2004-04-21

The Past Marches On

Many years ago (about a decade…), when I was at the biotechnology company Allelix Biopharmaceuticals (acquired by NPS), I worked with Dr. Dan Drucker at Toronto General Hospital (TGH; now part of The Toronto Hospital) to develop derivatives of the hormone GLP-2. Dan had discovered that GLP-2 has a powerful effect in stimulating the development of intestinal epithelium cells, i.e. the lining of the gut. I remember being there when he ‘opened up’ some experimental mice – you didn’t even need to take a measurement to see the marked difference in the bowels of the experimental mice versus the controls as the differences were so significant.

Dan had indications from earlier experiments that one of the glucagon family of hormones had this effect, and he had tried various elegant engineering experiments to determine which one. As the Allelix research director I had sponsored a collaboration with Dan and provided him with synthetic samples of these hormones. Near the end of the collaborative period, with little success, Dan decided to take the simple, direct approach – he simply gave series of injections to mice with each of the hormones – which is when GLP-2 ‘jumped’ out.

That period was one of the most exciting in my professional career. Dan had new results almost every day that he e-mailed to me and I kept designing and sending him new samples to test. I’d e-mail him at 1:00am and he’d respond at 1:30am! We were having fun and were driven. In drug development you want to find a new approach to treating disease. Here we had a powerful effect by a natural hormone. We wanted to know if there was any disease that we could effectively treat and if we could make a more effective version of the hormone.

I made literally dozens of derivatives of GLP-2 and passed them on to Dan. Experiments looked at the minimal size of the hormone and the critical regions. We were also very interested in improving the activity of the hormone. That family of hormones are quickly inactivated by an enzyme (DPP-IV) that chops-off one end. By testing different ends we were able to make versions of GLP-2 that resisted that degradation and were therefore several times more potent, i.e. you could get the same effect with less hormone. Besides improving the economics of the drug it gave Allelix a proprietary product – a key requirement in commercial drug development. Of the dozen of so patent applications in my name that were made over the years, the only issued patent that I bothered to frame and hang on my office wall was one for those derivatives of GLP-2.

There are lots of diseases involving the intestinal lining. But the most obvious one to look at was Small Bowel Syndrome (SBS) – a condition where patients have had to have large portion of their intestines surgically removed and must be maintained on intravenous feeding, often for the balance of their lives, which may be significantly shortened.

Why these reminiscences?
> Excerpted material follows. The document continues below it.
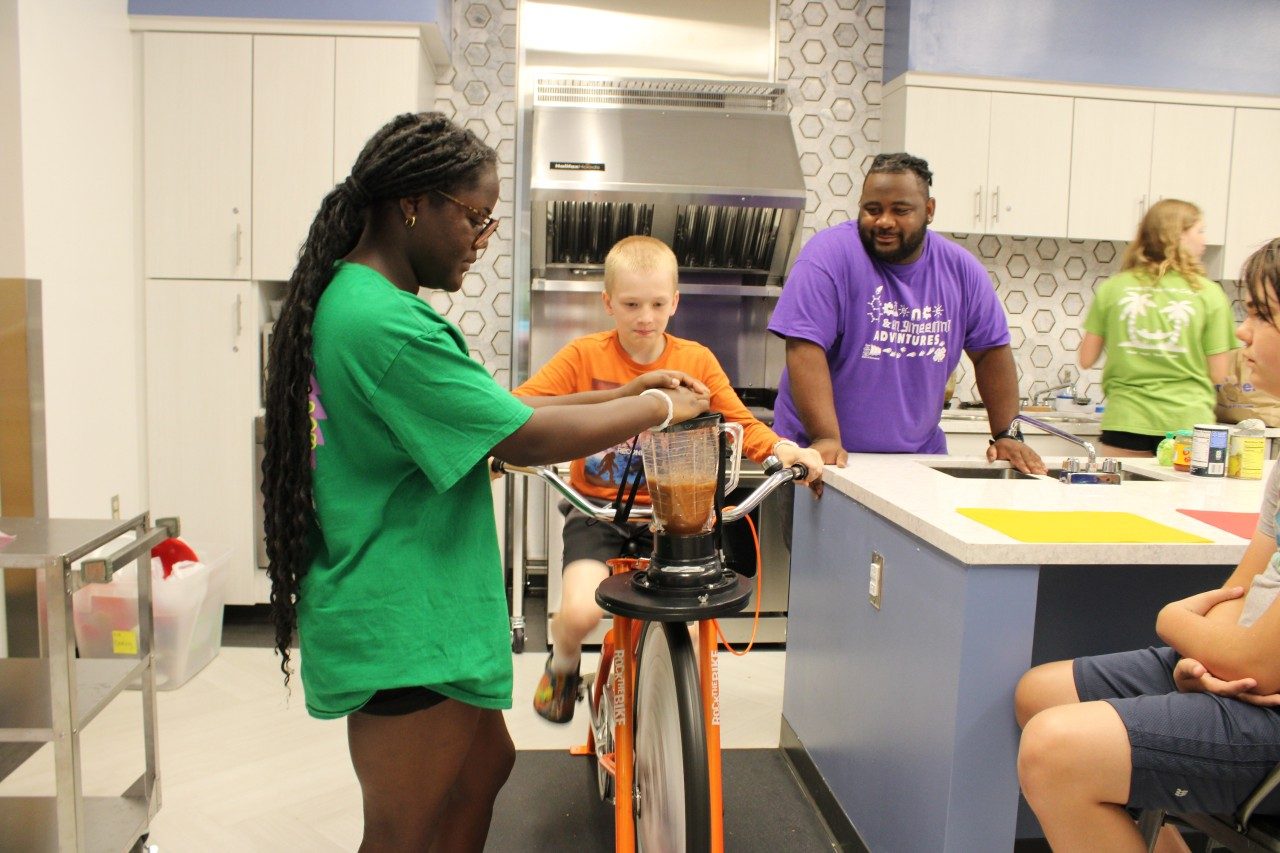 Salsa blending by youth with assistance from teen volunteer with supervision by 4-H adult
While NPS has been testing one of my derivatives (ALX-0600), which they subsequently called Teduglutide, over many years, they just announced that they have initiated pivotal Phase 3 clinical studies on patients with SBS. If these studies are successful they will be a giant step closer to getting approval for the drug and being able to make a meaningful difference in peoples’ lives.

It’s been years since I worked on the project, and literally dozens of other people have contributed, but it’s still something I recall fondly and am especially proud of.